Synchronous vs Asynchronous Work

So agile teams are lucky because consciously or not they get to enjoy productive teamwork with a good balance of synchronous and asynchronous styles of working.

But not all teams are agile, and sad things happen when leaders and managers aren’t conscious of the difference between synchronous and asynchronous work. So let me bring up this slide again and ask two important reflection questions.

First, I mentioned that for asynchronous work, people do not need to be in the same time and place to do their individual work. Therefore question: What happens when people are asked to do asynchronous work in a synchronous setting? So, the scene where you’re in office, sitting side-by-side with your colleagues, quietly doing your own work.

Synchronous vs Asynchronous Work

Here are some things that participants in the dōjō session shared.

  • Why am I here. I could do this from home. I’m more productive working from elsewhere, like a coffee shop.
  • Stop monitoring me. I feel untrusted. It feels like I’m treated like a kid in school, told to stay in my seat.
  • I hate being distracted. Don’t talk to me. Can’t you see I have my headphones on?

And how’s this situation for the manager? Do they like it? No, right? They resent monitoring people too. And especially, as I mentioned that effective asynchronous communication requires tools to capture and share work, what happens when managers manage the team’s asynchronous work without the right asynchronous tools?

  • Clueless of what people are doing
  • Policing people to give status updates
  • One by one, micromanaging people’s work
  • Doing asynchronous work in a synchronous setting is exhausting for both the worker and the manager.

    What is the problem of forced Synchronous Work and what do we do?

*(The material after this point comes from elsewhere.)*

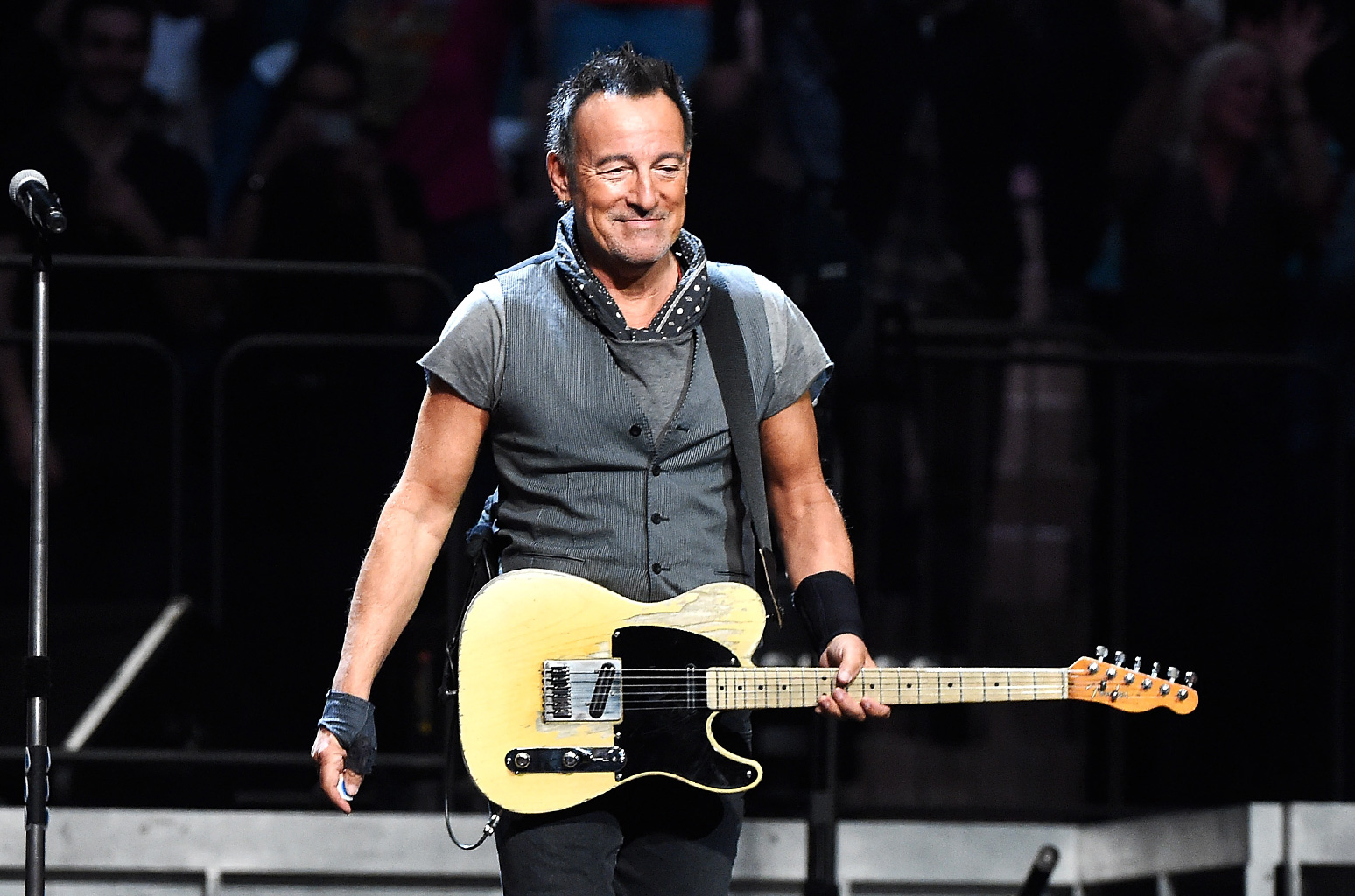 Bruce-Springsteen-MSG-2016-perform-billboard-650-1548.jpg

    Final big question on the whole back-to-office phenomena. What is the problem of forced synchronous work, and what do we do?

    What is the problem of forced Synchronous Work and what do we do?

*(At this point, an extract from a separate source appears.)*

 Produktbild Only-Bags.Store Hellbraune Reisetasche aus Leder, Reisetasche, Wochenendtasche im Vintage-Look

    Forced synchronous work is a manifestation of the fundamental, even before Covid times, mistrust between worker and employer. We still drag the factory model of organizations from 1920s Taylorism. Organizations still treat people as machine parts under the illusion of efficient management with instructive leadership, i.e. we need to tell people what to do and we need to monitor and control them so that they do the work. It’s very inhumane because it’s strips people of their agency. No wonder people feel strong resentment with back-to-office and forced synchronous work.

    So what do we do? At the individual manager level, awareness of the difference between synchronous and asynchronous communication and working is an important starting point, and setting up your team for effective asynchronous working is going to be very helpful.

    But back-to-office itself is largely an organizational problem, and onus is on leadership. Almost all back-to-office directives that I’ve seen are not asks but an order, so the worker sadly has no say in the matter, again aiding to the feeling of powerlessness. So leaders, do something about it.

    Here’s what I suggest. We live in the age of Diversity, Equity and Inclusion, right? Emotional intelligence and psychological safety, that’s officially endorsed in one form or another as leadership values in most organizations, correct? If so, let’s be true to those words.

    Consider a better handling of back-to-office as a practice of DEI and Emotional Intelligence.

    An inclusive, dialogical process of involving people in the why, what and how of back-to-office will go a long way addressing the sense of resentment and powerlessness. So yes, do it in a “Fair Process”.